My Stupid, Dangerous Run in 110-Degree Heat

An important and scary lesson learned: Don’t be an idiot

Illustration by Wise & Well using Midjourney

Time got away from me one morning last week. I was busy writing and editing stories about extreme heat and health — no joke — and I missed my running window. It was mid-morning, and the temperature was climbing past 100 degrees here on the outskirts of Phoenix.

I get antsy when I miss a run. My body needs to move. I felt out of sorts all day. Around 4 p.m., I thought screw it, gotta get out there.

I know better. I had just edited a story, written by health coach, nurse practitioner and runner Elizabeth Knight, that warned of how quickly heat can overwhelm the body during exercise, and how unpredictable the effects are for each individual. (Full disclosure: Knight’s article is part of special report on Heat and Health here on Wise & Well).

I’m also well aware of heat-related deaths in the desert—often hikers who underestimate the heat and fail to bring enough water, or both. In fact, this year, there have already been seven apparent heat-related deaths just in state and national parks in the Southwest, which if confirmed would be the most on record this early in the summer.

Whether you run, hike, walk or work in the heat, my tale of idiocy is for you.
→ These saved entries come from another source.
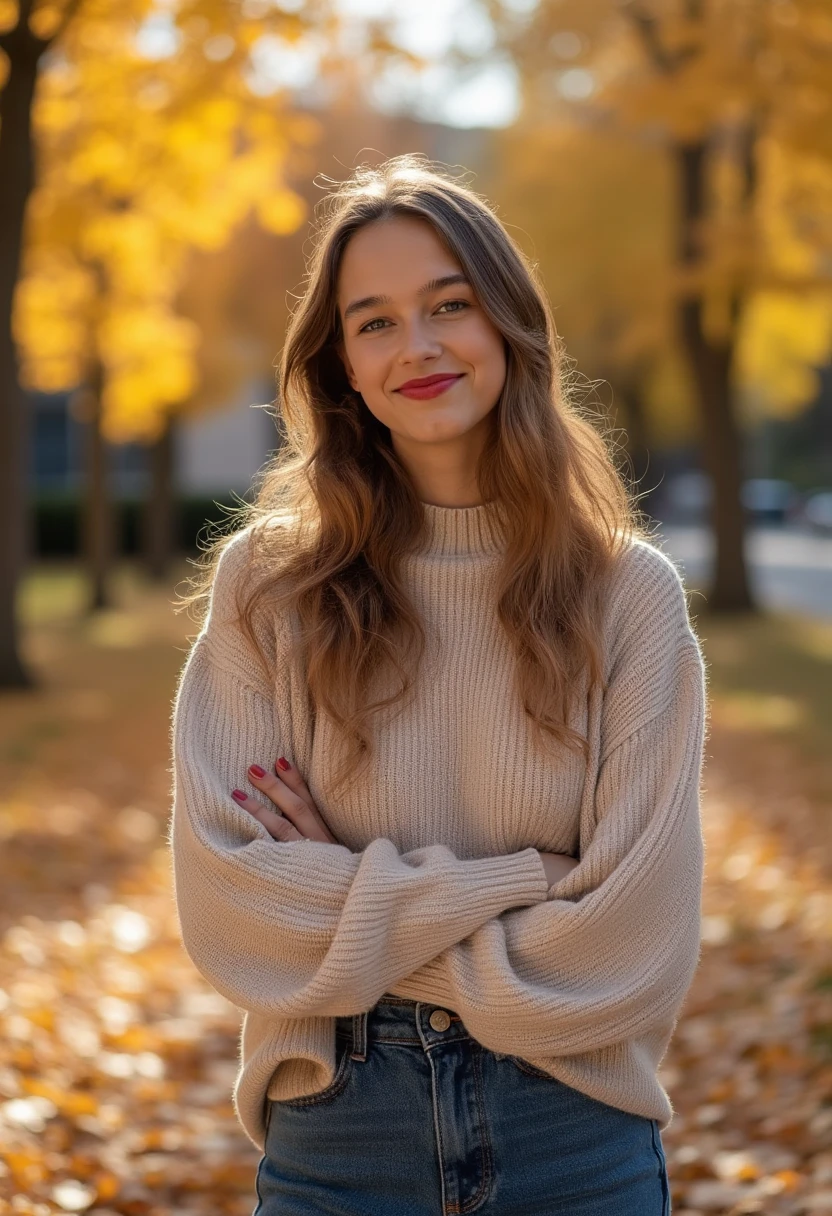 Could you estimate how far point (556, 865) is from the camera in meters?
2.35

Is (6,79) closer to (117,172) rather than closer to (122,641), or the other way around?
(117,172)

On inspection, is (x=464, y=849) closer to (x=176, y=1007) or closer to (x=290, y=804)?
(x=290, y=804)

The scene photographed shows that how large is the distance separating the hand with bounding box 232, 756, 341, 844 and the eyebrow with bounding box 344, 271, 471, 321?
74 cm

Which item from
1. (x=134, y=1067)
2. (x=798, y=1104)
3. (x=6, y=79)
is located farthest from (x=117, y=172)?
(x=798, y=1104)

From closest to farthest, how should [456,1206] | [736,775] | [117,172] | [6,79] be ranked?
[456,1206], [736,775], [6,79], [117,172]

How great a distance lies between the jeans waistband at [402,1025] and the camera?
2244mm

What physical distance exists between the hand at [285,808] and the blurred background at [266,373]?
1.06 meters

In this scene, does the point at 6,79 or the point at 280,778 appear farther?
the point at 6,79

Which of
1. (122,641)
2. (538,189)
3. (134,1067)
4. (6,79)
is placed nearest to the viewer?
(134,1067)

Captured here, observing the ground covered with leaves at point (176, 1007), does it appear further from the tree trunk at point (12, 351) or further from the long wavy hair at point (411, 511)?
the long wavy hair at point (411, 511)

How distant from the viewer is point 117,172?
38.2ft

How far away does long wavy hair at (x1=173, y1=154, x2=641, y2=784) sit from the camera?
2430mm

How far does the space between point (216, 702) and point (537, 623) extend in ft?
1.73

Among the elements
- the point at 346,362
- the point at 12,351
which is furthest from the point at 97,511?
the point at 346,362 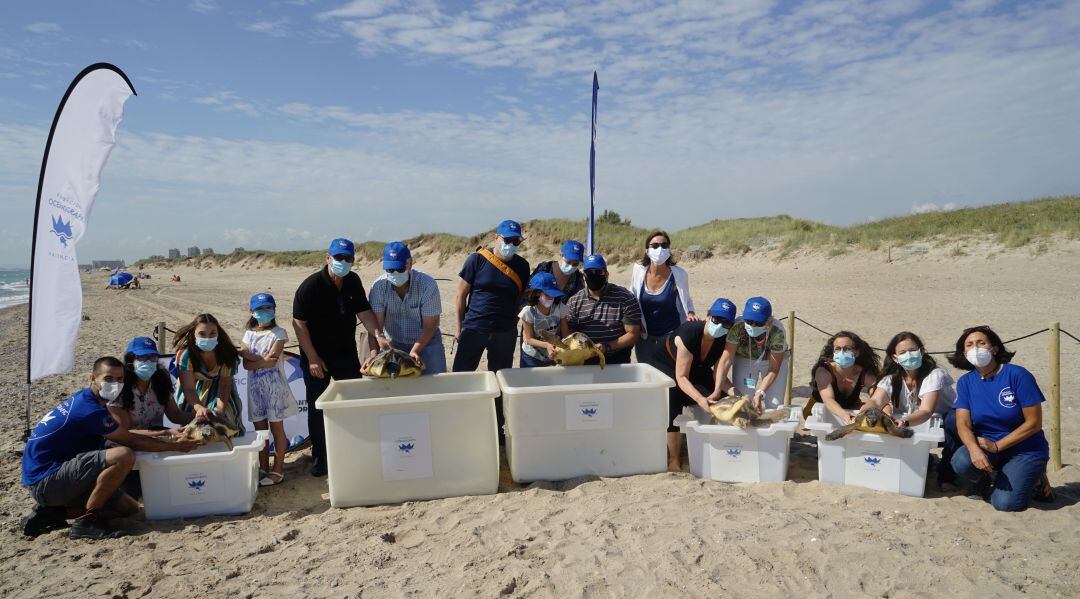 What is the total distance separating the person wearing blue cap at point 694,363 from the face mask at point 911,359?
1.13 metres

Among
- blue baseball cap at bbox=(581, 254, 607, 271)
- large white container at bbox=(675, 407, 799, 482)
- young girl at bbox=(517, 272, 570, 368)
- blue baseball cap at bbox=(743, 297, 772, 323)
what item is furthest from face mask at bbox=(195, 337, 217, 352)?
blue baseball cap at bbox=(743, 297, 772, 323)

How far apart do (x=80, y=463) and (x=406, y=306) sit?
2.20 m

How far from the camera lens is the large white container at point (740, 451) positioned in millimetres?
4297

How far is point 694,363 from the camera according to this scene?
15.8 ft

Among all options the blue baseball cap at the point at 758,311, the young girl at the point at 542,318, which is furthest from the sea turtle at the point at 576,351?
the blue baseball cap at the point at 758,311

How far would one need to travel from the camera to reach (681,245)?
70.1 ft

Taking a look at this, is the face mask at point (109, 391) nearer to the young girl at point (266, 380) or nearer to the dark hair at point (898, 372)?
the young girl at point (266, 380)

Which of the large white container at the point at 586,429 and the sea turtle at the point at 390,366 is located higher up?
the sea turtle at the point at 390,366

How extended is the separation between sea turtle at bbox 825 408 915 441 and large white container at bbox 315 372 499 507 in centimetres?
223

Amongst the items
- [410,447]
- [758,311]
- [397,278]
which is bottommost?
[410,447]

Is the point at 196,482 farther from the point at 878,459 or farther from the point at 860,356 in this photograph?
the point at 860,356

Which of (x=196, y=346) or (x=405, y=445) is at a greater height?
(x=196, y=346)

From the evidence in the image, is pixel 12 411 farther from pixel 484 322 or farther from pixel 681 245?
pixel 681 245

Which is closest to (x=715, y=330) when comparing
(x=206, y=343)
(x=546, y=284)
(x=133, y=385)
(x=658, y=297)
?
(x=658, y=297)
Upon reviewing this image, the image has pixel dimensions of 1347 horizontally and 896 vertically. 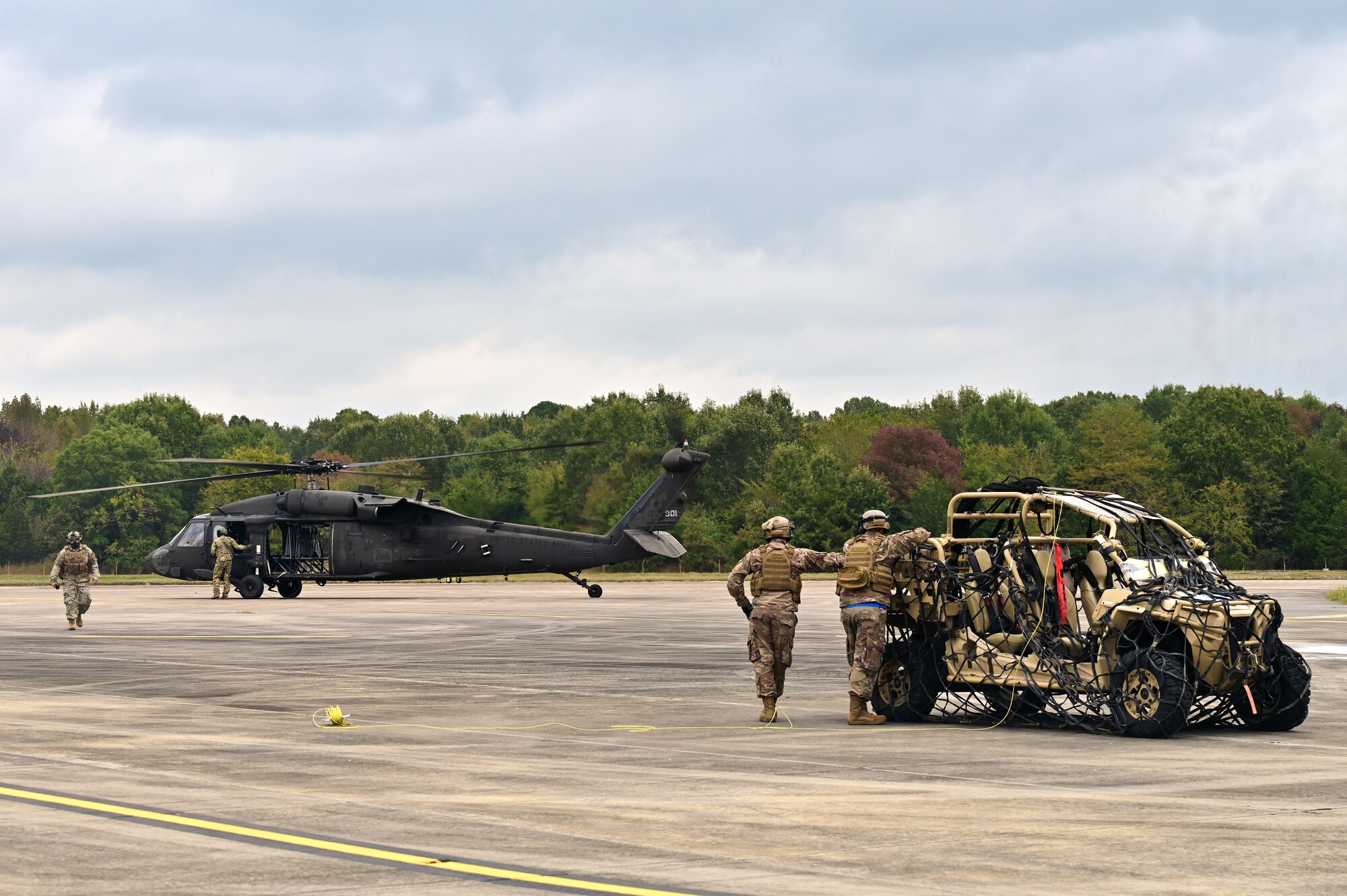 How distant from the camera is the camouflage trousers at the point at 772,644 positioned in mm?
15406

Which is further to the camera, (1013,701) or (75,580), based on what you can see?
(75,580)

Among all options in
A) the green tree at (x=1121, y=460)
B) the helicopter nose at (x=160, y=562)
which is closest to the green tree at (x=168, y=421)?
the green tree at (x=1121, y=460)

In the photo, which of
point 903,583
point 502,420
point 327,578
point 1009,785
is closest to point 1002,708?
point 903,583

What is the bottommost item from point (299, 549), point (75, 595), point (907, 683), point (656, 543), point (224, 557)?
point (907, 683)

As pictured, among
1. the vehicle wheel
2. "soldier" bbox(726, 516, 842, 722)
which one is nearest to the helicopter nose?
"soldier" bbox(726, 516, 842, 722)

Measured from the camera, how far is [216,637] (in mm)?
29234

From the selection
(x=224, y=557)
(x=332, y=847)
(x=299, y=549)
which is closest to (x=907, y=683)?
(x=332, y=847)

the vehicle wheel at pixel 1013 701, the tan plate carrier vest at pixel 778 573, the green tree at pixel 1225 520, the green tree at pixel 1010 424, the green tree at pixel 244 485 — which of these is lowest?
the vehicle wheel at pixel 1013 701

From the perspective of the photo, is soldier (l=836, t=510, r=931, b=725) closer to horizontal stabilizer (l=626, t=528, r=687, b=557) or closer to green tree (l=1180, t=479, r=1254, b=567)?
horizontal stabilizer (l=626, t=528, r=687, b=557)

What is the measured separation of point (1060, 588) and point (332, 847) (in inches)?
338

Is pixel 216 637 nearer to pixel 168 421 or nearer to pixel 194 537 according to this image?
pixel 194 537

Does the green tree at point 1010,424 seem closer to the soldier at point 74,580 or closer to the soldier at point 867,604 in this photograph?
the soldier at point 74,580

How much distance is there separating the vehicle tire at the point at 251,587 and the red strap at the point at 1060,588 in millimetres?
35382

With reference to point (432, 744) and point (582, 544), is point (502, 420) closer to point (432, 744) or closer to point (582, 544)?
point (582, 544) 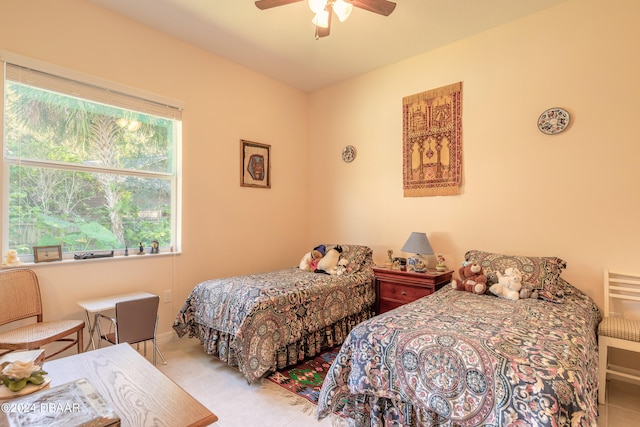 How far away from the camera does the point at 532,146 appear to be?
2.86m

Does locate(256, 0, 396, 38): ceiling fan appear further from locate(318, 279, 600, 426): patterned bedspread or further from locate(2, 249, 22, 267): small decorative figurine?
locate(2, 249, 22, 267): small decorative figurine

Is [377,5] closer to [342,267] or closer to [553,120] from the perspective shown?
[553,120]

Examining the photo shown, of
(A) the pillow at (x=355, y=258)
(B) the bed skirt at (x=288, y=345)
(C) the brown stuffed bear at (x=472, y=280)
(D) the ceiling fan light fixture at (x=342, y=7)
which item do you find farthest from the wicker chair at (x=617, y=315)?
(D) the ceiling fan light fixture at (x=342, y=7)

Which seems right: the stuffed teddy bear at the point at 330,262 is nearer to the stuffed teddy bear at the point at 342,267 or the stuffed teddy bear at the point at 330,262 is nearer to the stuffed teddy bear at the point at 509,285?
the stuffed teddy bear at the point at 342,267

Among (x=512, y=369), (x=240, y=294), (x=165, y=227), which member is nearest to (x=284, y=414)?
(x=240, y=294)

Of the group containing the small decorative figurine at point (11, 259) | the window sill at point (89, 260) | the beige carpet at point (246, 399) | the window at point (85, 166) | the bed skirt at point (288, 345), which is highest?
the window at point (85, 166)

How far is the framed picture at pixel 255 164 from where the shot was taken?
382 cm

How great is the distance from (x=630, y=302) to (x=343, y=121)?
333 centimetres

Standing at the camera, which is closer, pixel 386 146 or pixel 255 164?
pixel 386 146

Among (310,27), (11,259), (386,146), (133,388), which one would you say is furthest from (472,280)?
(11,259)

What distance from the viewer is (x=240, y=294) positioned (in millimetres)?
2572

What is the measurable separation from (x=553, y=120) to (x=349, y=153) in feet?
7.06

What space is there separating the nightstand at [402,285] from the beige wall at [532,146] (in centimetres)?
43

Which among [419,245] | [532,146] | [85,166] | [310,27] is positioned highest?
[310,27] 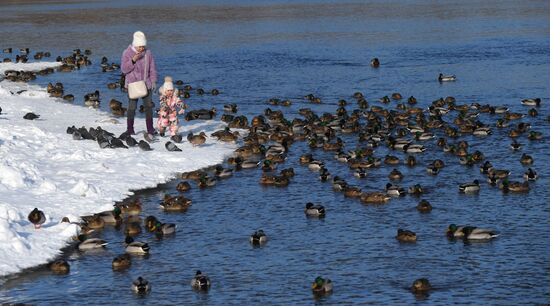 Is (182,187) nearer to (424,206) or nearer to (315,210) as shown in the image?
(315,210)

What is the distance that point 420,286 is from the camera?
62.2 ft

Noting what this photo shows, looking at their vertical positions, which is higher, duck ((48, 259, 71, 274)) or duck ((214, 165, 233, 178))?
duck ((214, 165, 233, 178))

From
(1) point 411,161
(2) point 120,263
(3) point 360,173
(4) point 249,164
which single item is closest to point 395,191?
(3) point 360,173

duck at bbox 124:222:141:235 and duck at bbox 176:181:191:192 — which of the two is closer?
duck at bbox 124:222:141:235

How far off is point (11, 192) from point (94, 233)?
3308mm

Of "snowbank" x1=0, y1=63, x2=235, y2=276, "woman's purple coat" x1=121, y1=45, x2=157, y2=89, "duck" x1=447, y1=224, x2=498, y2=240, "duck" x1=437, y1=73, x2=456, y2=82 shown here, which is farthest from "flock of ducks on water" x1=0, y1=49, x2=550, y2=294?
"duck" x1=437, y1=73, x2=456, y2=82

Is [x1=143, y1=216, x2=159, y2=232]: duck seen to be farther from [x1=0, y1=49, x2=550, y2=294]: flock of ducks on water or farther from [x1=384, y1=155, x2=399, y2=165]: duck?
[x1=384, y1=155, x2=399, y2=165]: duck

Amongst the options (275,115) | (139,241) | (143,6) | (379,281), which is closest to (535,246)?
(379,281)

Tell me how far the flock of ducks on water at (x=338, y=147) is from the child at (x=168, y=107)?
30.2 inches

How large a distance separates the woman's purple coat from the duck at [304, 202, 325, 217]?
8.69 meters

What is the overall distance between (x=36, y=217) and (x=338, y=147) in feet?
40.1

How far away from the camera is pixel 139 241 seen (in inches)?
884

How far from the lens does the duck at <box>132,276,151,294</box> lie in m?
19.2

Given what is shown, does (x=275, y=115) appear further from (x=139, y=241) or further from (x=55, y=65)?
(x=55, y=65) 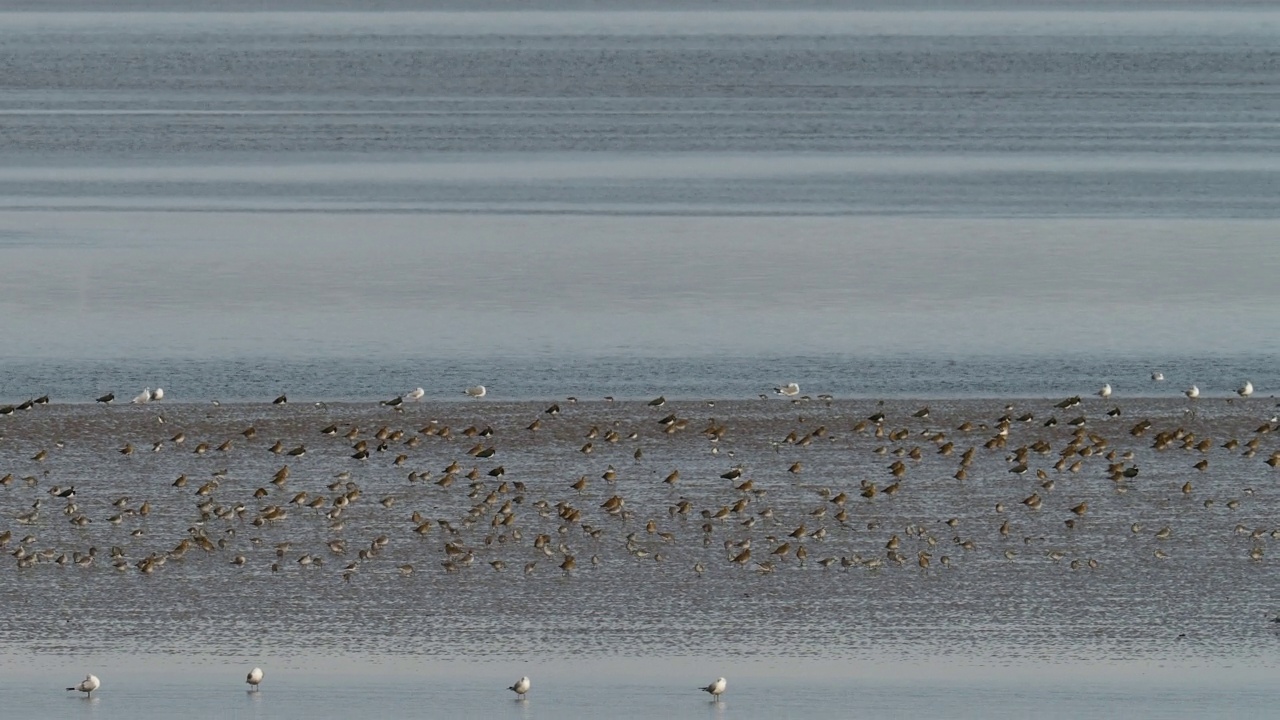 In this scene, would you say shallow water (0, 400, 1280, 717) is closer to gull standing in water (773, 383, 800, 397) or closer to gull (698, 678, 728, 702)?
gull (698, 678, 728, 702)

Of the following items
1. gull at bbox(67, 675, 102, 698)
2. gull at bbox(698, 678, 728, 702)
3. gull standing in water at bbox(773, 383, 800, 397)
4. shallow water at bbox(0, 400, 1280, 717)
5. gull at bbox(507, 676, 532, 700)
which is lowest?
gull at bbox(698, 678, 728, 702)

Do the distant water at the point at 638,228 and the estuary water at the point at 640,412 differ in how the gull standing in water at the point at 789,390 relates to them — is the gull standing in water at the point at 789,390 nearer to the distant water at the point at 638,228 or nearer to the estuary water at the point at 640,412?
the estuary water at the point at 640,412

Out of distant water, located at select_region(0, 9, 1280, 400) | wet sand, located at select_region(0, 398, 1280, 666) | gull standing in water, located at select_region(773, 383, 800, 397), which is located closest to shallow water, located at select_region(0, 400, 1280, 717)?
wet sand, located at select_region(0, 398, 1280, 666)

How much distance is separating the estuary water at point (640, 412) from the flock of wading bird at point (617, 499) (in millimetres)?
47

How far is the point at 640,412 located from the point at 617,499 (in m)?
3.41

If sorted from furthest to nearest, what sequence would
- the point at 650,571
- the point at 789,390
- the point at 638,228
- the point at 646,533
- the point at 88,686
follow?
1. the point at 638,228
2. the point at 789,390
3. the point at 646,533
4. the point at 650,571
5. the point at 88,686

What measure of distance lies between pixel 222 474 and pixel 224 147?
24.8 m

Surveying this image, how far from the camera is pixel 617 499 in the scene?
14.3 metres

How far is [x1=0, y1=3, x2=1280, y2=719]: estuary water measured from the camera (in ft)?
36.7

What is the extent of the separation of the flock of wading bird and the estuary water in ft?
0.16

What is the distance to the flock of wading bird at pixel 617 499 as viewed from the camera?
13.2m

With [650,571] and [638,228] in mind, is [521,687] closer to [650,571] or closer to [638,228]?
[650,571]

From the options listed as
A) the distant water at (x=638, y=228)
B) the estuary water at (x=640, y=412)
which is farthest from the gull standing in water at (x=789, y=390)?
the distant water at (x=638, y=228)

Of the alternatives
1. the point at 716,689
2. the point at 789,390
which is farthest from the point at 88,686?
the point at 789,390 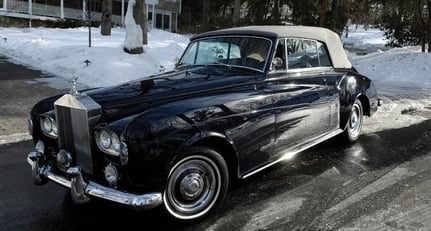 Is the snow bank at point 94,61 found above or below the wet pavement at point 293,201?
above

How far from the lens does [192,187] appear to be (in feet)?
12.4

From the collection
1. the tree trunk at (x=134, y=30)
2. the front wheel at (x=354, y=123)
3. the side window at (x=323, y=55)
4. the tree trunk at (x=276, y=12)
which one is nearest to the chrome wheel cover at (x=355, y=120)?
the front wheel at (x=354, y=123)

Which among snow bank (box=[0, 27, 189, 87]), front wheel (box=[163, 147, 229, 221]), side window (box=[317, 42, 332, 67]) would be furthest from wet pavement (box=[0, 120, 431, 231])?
snow bank (box=[0, 27, 189, 87])

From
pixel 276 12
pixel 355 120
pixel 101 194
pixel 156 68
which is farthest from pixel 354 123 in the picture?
pixel 276 12

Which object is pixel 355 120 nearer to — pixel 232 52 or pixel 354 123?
pixel 354 123

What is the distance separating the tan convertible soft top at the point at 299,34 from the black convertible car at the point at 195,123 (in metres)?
0.02

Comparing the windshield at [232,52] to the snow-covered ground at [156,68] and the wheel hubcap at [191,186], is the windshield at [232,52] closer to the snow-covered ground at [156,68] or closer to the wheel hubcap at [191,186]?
the wheel hubcap at [191,186]

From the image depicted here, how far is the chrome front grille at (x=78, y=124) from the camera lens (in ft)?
11.8

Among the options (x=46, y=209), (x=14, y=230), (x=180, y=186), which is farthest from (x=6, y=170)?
(x=180, y=186)

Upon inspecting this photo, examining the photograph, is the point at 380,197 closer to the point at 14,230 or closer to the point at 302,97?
the point at 302,97

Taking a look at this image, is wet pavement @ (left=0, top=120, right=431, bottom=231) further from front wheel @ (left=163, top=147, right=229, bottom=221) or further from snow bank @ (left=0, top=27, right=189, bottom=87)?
snow bank @ (left=0, top=27, right=189, bottom=87)

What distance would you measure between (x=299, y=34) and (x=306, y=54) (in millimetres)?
262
I hope you learn something.

By the time I headed out for my run, it was around 110 degrees out there, and humid. Thinking I’m one of those people who can handle the heat better than others, I figured I’d test out this whole “heat shuts the body down quickly” notion. I’ve run in the heat many times in my life, but perhaps not quite this hot. I was curious.

The plan was a short run, probably just 2 miles compared to my normal 3 to 5, up a familiar local trail out into the desert. As I headed out the door, my wife, also a runner, asked if I had my phone.

“Nope, a short one.”

She was distracted and didn’t ask if I had water with. I do not. This is a test. Off I go.

The first mile is slow, as expected given the heat and the gradual climb of the trail, but otherwise uneventful. I feel fine, so I decide to go another half-mile out, make it a 3-mile out-and-back.

Here’s the thing. In extreme heat, the body keeps its cool by sweating. But when the body temperature crosses a threshold, the system no longer works efficiently enough. Things can go south in a hurry—especially if you’re exerting yourself.

“If unchecked, this can progress to the more serious level of heat stroke, where your body temperature climbs to dangerous or even deadly levels,” writes Kathleen Murphy, in an exhaustive article about how heat kills and how the effects are different depending on age, sex and other factors. Full disclosure: I had just edited that article, too, a couple days prior.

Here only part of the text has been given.